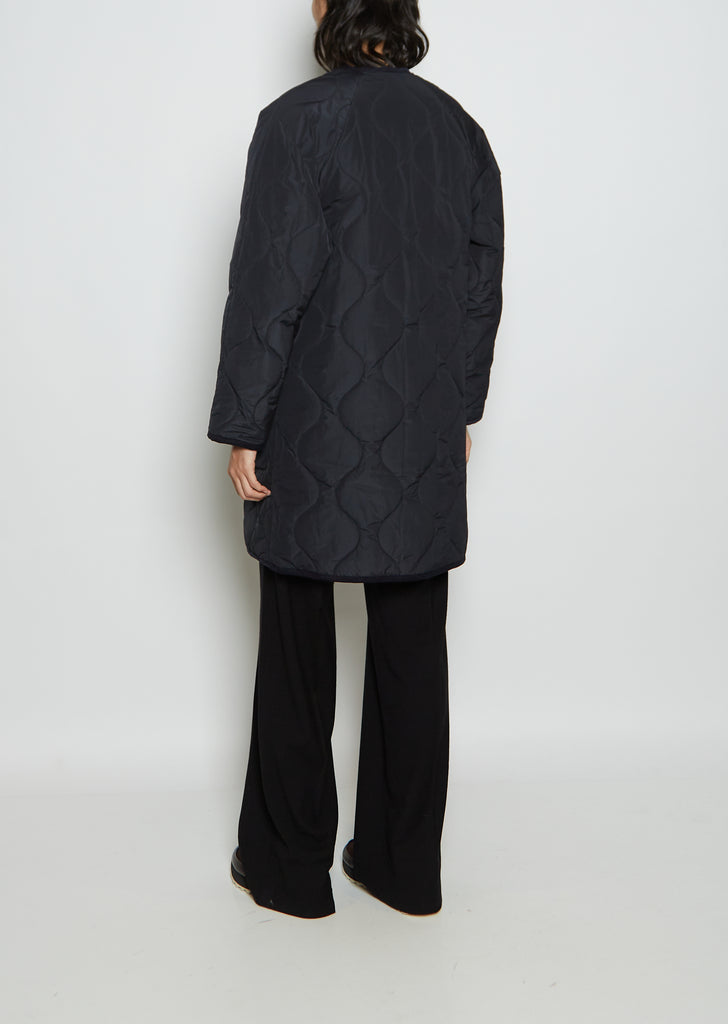 Taffeta Collarless Long Coat — Navy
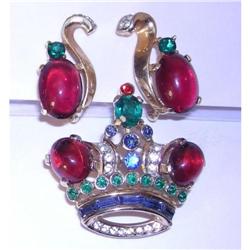 TRIFARI RED Crown Shaped Pin with Green and #1787473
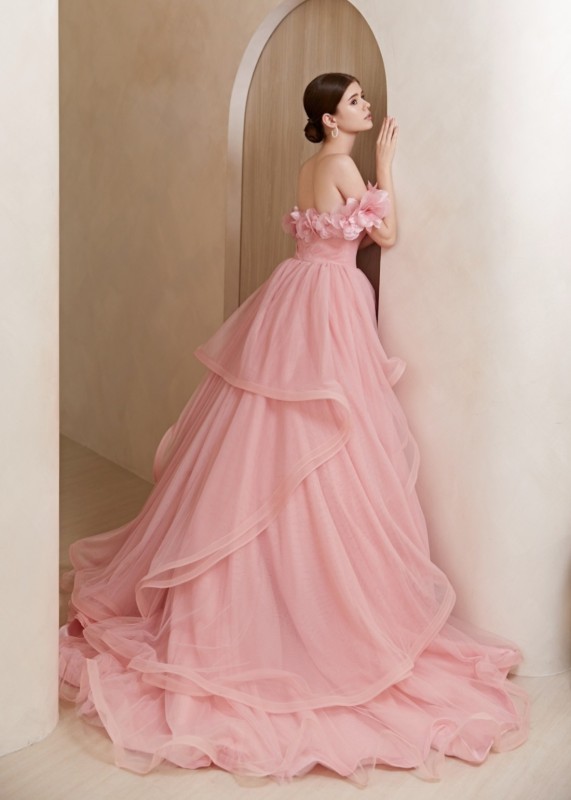 Off Shoulder Pink Tulle Gorgeous Wedding Dress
___
**WHAT YOU WILL DO:** Transcribe the full listing exactly, but keep every image out of it.

**WRITTEN SOLUTION:**
 Taffeta Collarless Long Coat — Navy
 TRIFARI RED Crown Shaped Pin with Green and #1787473
 Off Shoulder Pink Tulle Gorgeous Wedding Dress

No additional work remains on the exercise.